Par ailleurs, nous avons également été agréablement étonnés des premières réactions de nos clients. Les antennes sont discrètes et elles ne sont pas forcément identifiées lorsqu’elles se déclenchent. A ce titre, les premiers contrôles ont été particulièrement efficaces. Ce constat est très positif pour l’avenir de nos développements. Demain, nous souhaitons des magasins sans antennes antivol visibles afin de libérer au maximum les accès à la surface de vente. Le consommateur se veut libre dans ses choix et ses déplacements. Les dispositifs de détection seront sans doute dans le sol, le plafond, les murs… Tout doit disparaître. C’est un enjeu très fort. Entendre dire que les clients n’ont pas forcément tous vu cette !nouvelle antenne, pourtant bien présente, me fait sourire. Cela signifie que nous avons franchi avec succès une première étape et nous sommes sur le bon chemin pour atteindre notre objectif.
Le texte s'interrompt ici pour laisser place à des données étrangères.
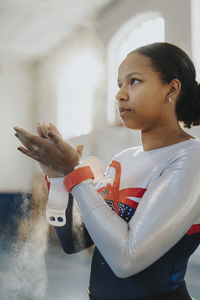 Female gymnast applying chalk powder on hands at gym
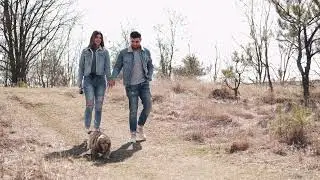 couple walking their dog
Même si le lancement de ce prototype dans un environnement de grande distribution a été un sacré challenge pour toutes les équipes, y compris Checkpoint, il a fallu faire confiance et accepter un risque partagé par tous. Ces antennes conviennent parfaitement à notre nouveau concept Next. Après Dijon, nous avons décidé de poursuivre nos tests dans un second magasin, à Flins et dans la première boutique de clean beauty « Sources ».
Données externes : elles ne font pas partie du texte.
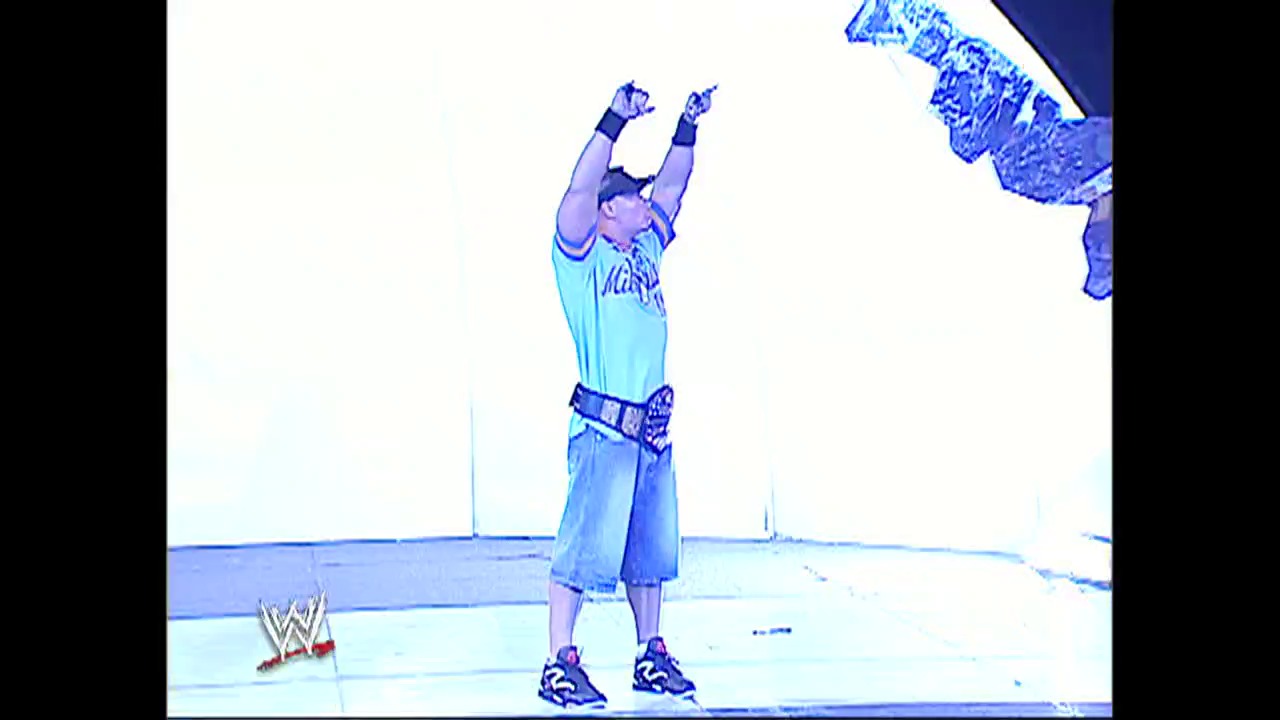A frame from WWE SmackDown (May 27, 2004) at 1:13:46. A WWE wrestler stands triumphantly in the ring with both arms raised in victory, wearing light blue attire and a decorative belt. The WWE logo is visible in the lower left corner of the broadcast.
Quelles évolutions vous paraissent essentielles et risquent à terme d’impacter fortement votre activité en tant que Directeur Sécurité ?

Le principal défi, c’est la vitesse. Il faut constamment faire preuve d’agilité et être à l’écoute des besoins des clients, de tous les consommateurs y compris ceux qui ne viennent pas chez nous, pour mieux comprendre ce qu’ils peuvent attendre d’un hypermarché. La clientèle d’aujourd’hui a besoin de nouveautés en permanence parce qu’elle est mieux informée et dispose d’un choix croissant. Il faut donc se renouveler, se réinventer, en proposant des concepts toujours plus innovants et ludiques. Tout ceci impacte fortement les sujets de sécurité. La difficulté consiste à embarquer le plus vite possible ces nouvelles visions d’un magasin plus ouvert vers l’extérieur, avec des accès démultipliés et une consommation plus libérée vécue comme un plaisir. En matière de sécurité, le magasin idéal, c’est celui dans lequel un client se sent bien et navigue d’un rayon à l’autre, sans barrière physique. Bien évidemment, c’est compliqué pour quelqu’un qui travaille dans la sécurité d’imaginer demain, un point de vente totalement ouvert et libre d’accès sans sécurité matérielle visible. Mais dans cette approche « out of the box », il faut être prêt à faire face à l’inconnu et repenser le magasin différemment, afin d’offrir plus de plaisir et de liberté à nos clients.